Two recent blogs examined the strategy and techniques of sales team/client feedback — the bedrock of mutual understanding and innovative team selling. This week, we’ll zero in on positive feedback; delivering the “good news” of sales team and client behaviors that we see as beneficial and constructive. Take note: even positive feedback, inappropriately chosen or delivered, can quickly become ineffective (at worst, sounding insincere and patronizing).
The following considerations apply both to giving positive feedback within our sales team, as well as feedback dialogs with our client. Obviously, our style and delivery should be somewhat more understated when praising the client — but our positive feedback objectives and, hopefully, its impact are the same.

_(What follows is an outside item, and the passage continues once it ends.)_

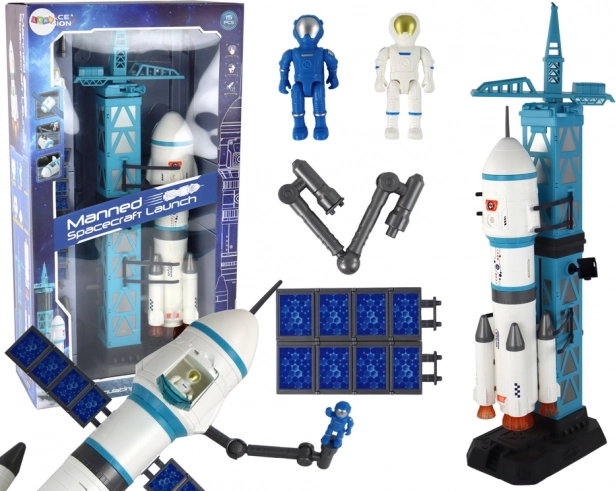 Rum-mission – raket med affyringstårn og astronauter, 15-dels sæt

First and foremost, remember that the primary objective of all positive feedback is to reinforce the beneficial behavior being discussed; i.e., to get somebody to keep doing what he/she is already doing well. (Secondarily, it’s nice to know that she/he will also feel recognized, appreciated, and maybe even flattered.) Four positive feedback tips for the consultative salesperson:
- Make sure the positive feedback subject is carefully chosen, truly meaningful to us, and potentially consequential to the business. If the feedback item is trivial or vague, it signals that it may not matter much to us; could it merely be a lead-in to a criticism — a transparent attempt to “butter somebody up” before “lowering the boom”? Our genuine praise isn’t working if it sounds like there’s a “but” looming on the horizon…
- Make sure the feedback is clear and specific: describe tangible actions performed and use verbatim quotes. Examples: [To a sales teammate]: “You told the client, ‘Your agenda always takes precedence over ours’,” rather than just, “You obviously respected the client.” [To a client]: “In today’s meeting with your boss, you were very supportive of us by stressing that this was a joint brand team/sales team recommendation,” rather than just, “You were very supportive of us in today’s meeting.”
- Describe how and why the positive behavior is important; i.e., what it accomplishes. Cite positive, tangible “business consequences” that result from this kind of behavior. Even though the benefits may seem obvious, don’t give this element short shrift; “spell it out.” Example [to a client]: “Your clear-cut endorsement of our proposals helps assure their acceptance by your top management.”
- Consider asking your client if she/he wants to comment on our positive feedback; during internal coaching situations, definitely query a sales team colleague for his/her response to our positive feedback. Everybody enjoys being invited to comment on her/his own recognized quality performance, and their talking about it helps achieve our reinforcement objectives.
We’ve noted previously that giving unsolicited feedback can be risky; even positive feedback must be clearly structured, sincerely intended and important to the business at hand. Craft its content and delivery carefully to maximize its impact and reinforce the repetition of the desired behaviors in the future.